Public Protest, Face Recognition, and the Shield of Anonymity

A photo of women at a Black Lives Matter protest, with their faces blurred to block face recognition use
Photo: A young woman wearing a mask and black lives matter t-shirt marching in a #BlackLivesMatter public demonstration in Cincinnati, OH. Credit: Julian Wan on Unsplash (face redactions added).

“Anonymity is a shield from the tyranny of the majority…. It thus exemplifies the purpose behind the Bill of Rights and of the First Amendment in particular: to protect unpopular individuals from retaliation — and their ideas from suppression — at the hand of an intolerant society.”

These words are from the Supreme Court decision in McIntyre v. Ohio Elections Commission in 1995, holding that the right to anonymity is intrinsic to the exercise of free speech. They carry particular relevance today, in the age of both widespread public protest and police face recognition technology.

Face recognition is a tool of identification. It enables anyone whose face shows up in a photo or video to be identified — or misidentified — by the police. Put another way, face recognition is a tool that can remove the shield of anonymity from the tens of thousands of Americans out in the streets today, protesting the intolerances of systemic racism and anti-blackness.

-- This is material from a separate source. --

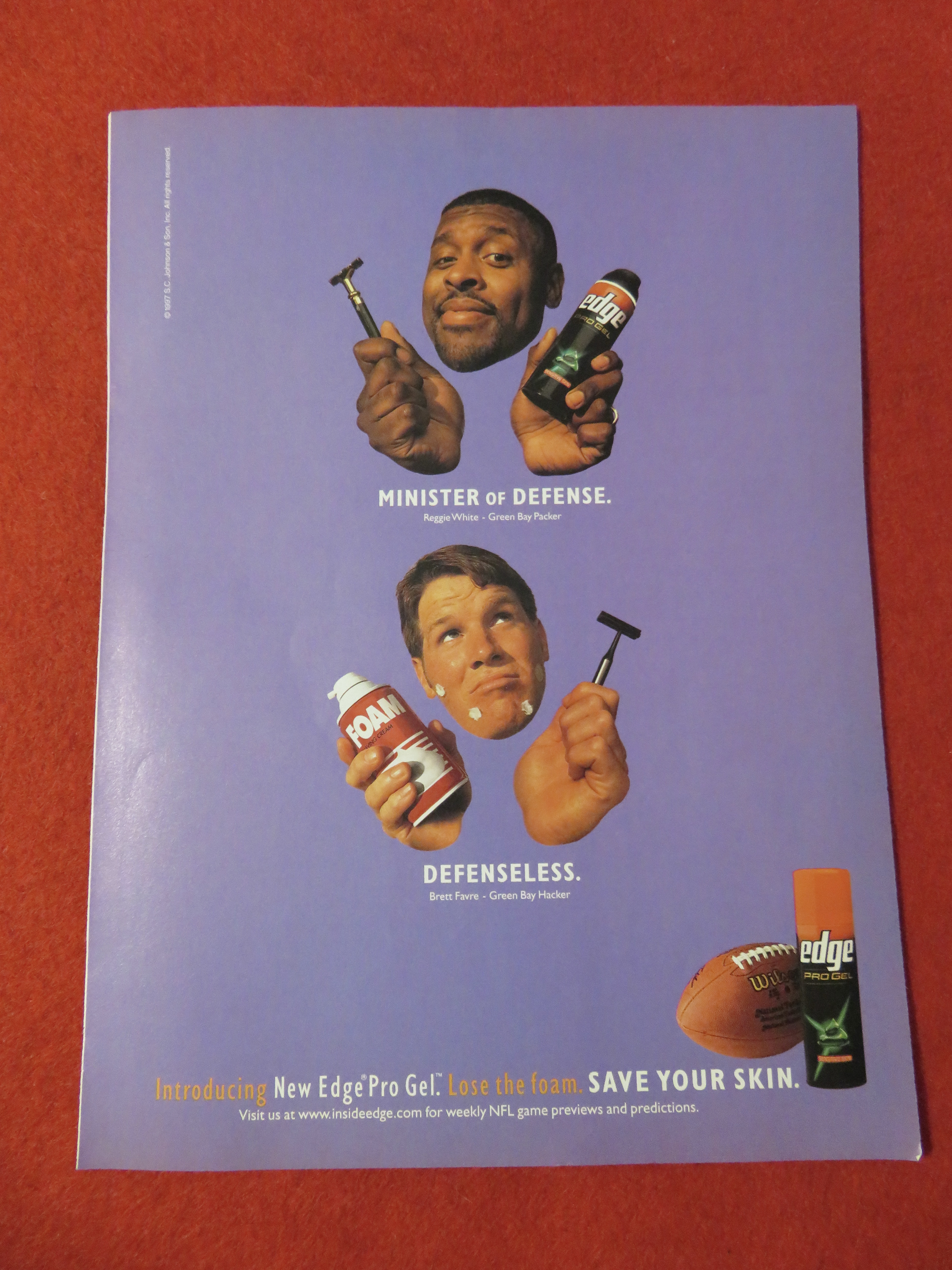 1998 Edge Pro Gel Shaving Gel with R. White & B. Favre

And we have every reason to believe it will be used. In 2015, police reportedly used face recognition to identify protesters in Baltimore following Freddy Gray’s death in police custody. Over this past week the FBI, as well as police departments in Dallas, Austin, and Seattle have called on the public to send in photos and videos in an effort to identify protestors suspected of breaking the law. These agencies, like so many others, have access to Clearview AI, a face recognition database of three billion faces scraped from various sources across the Internet.

I am not suggesting we should stop photographing, live-streaming, documenting what is happening on the ground. To the contrary, we’ve seen that these photos and videos are an essential ingredient in beginning to establish accountability for the treatment of people of color and of protesters at the hand of police.

Rather, this is a call to help hold up the shield of anonymity when possible. Train cameras on police. When agencies ask for documentation of protests, send K-pop videos. Where possible, use the tools available to help blur the faces of protesters and bystanders in photos and videos.

I wish it didn’t have to be our individual responsibility to protect ourselves, and each other, from the “tyranny of the majority.” But our laws have not kept pace with the development and deployment of police face recognition technology. Moreover, few agencies have policies that prohibit the use of biometric surveillance on public protest. Even those that do nonetheless allow use of the technology in the case of possible crime. And from what we all have witnessed over the past two weeks, the line between what police consider peaceful protest worthy of protection, and what is viewed as “incitement to violence” or merely violating a curfew — met with tear gas, arrests, and orders to disperse — is not at all clear.

In the words of the 1995 Supreme Court, anonymous speech “is not a pernicious, fraudulent practice, but an honorable tradition of advocacy and of dissent.” Let us continue to honor that tradition by protecting the anonymity of our fellow advocates and allies.

And as we begin thinking about what true reform looks like, let’s be sure to include face recognition and the right to anonymity in that conversation.